Exercise:
Beginning with the line that has "Arianna Embellished Platform" and ending with the line that has "DSpower DS-R009F servo", retype the entries below exactly, except for the pictures.

Record set:

◆ ◆ ◆ ◆

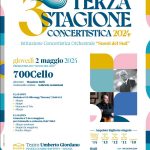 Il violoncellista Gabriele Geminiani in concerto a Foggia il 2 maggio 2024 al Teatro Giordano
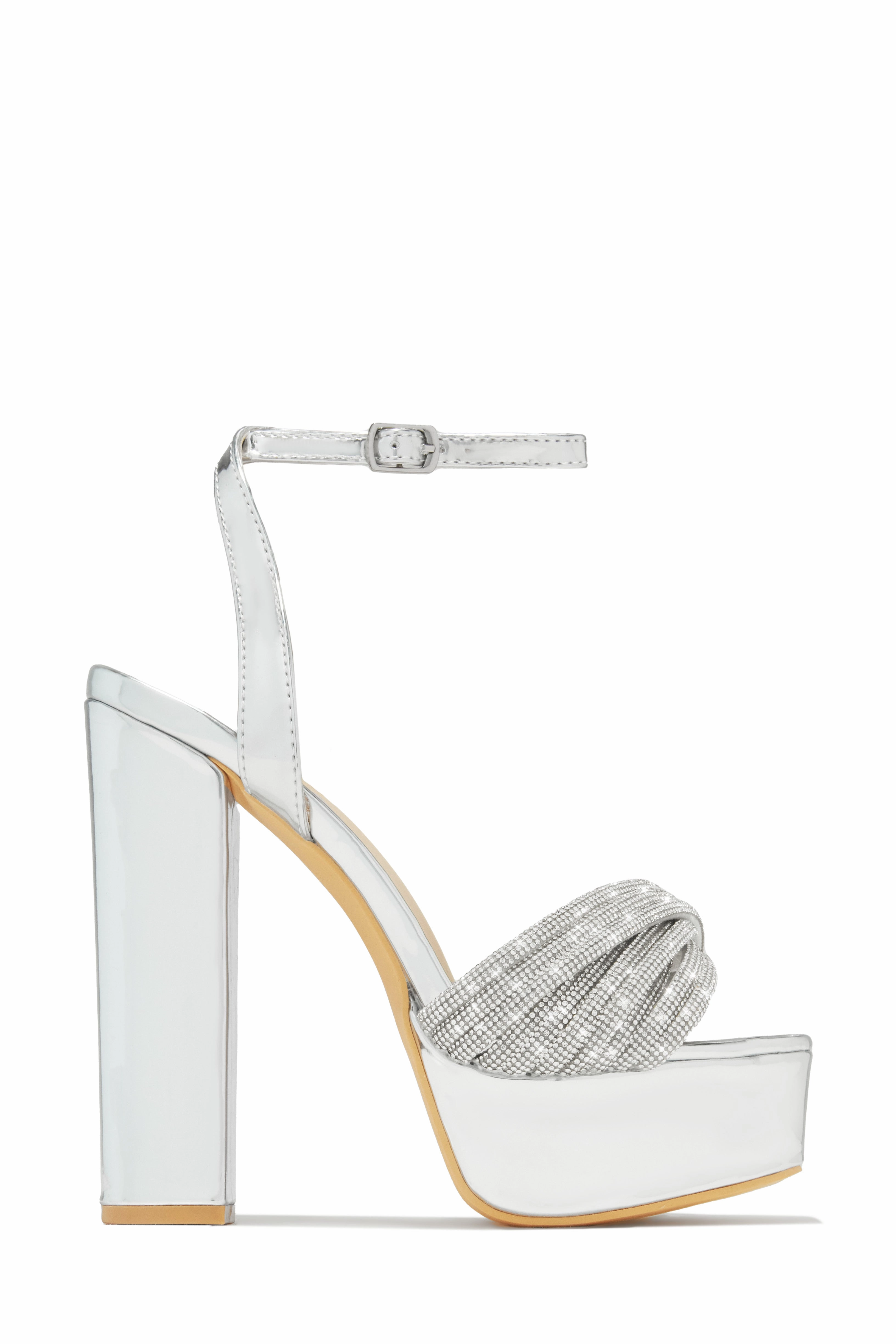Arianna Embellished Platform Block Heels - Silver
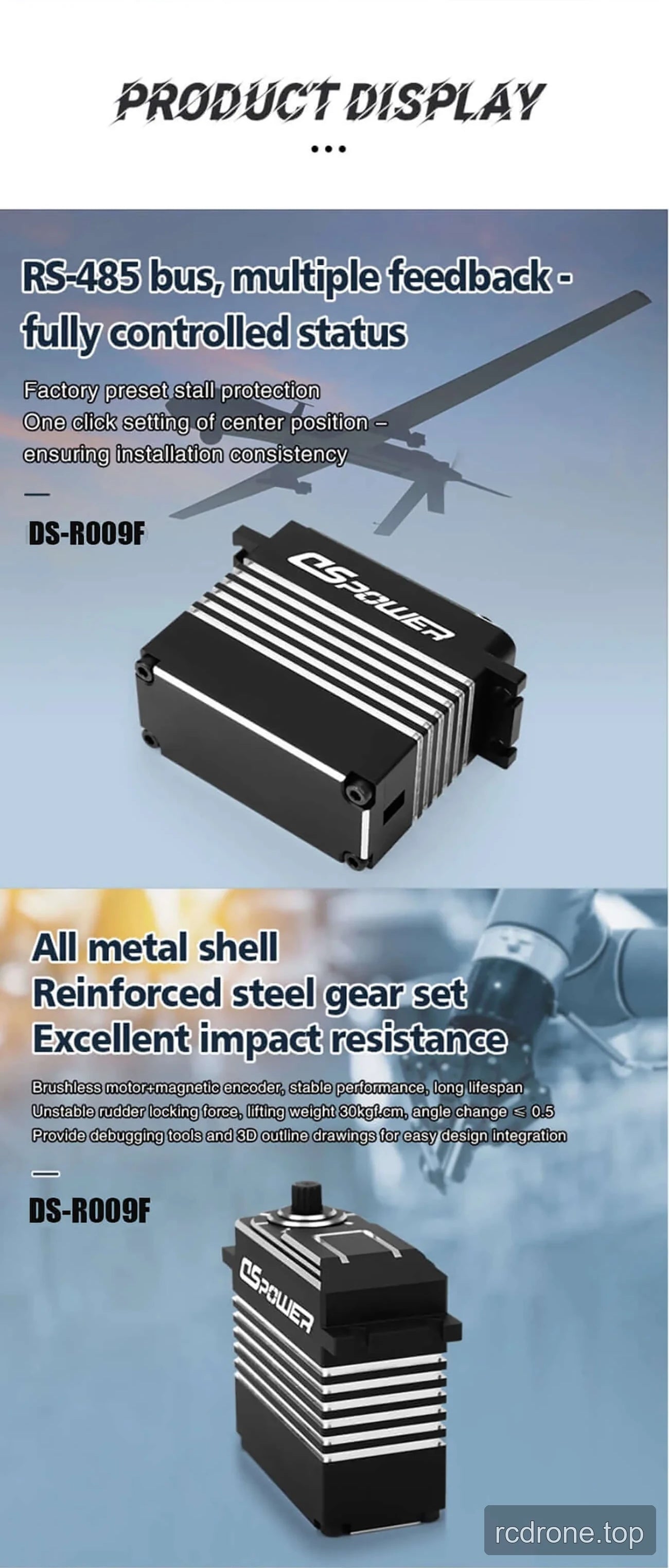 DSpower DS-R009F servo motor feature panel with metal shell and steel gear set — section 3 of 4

◆ ◆ ◆ ◆

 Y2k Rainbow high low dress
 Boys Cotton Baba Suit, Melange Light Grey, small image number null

◆ ◆ ◆ ◆

Output of the exercise:
Arianna Embellished Platform Block Heels - Silver
 DSpower DS-R009F servo motor feature panel with metal shell and steel gear set — section 3 of 4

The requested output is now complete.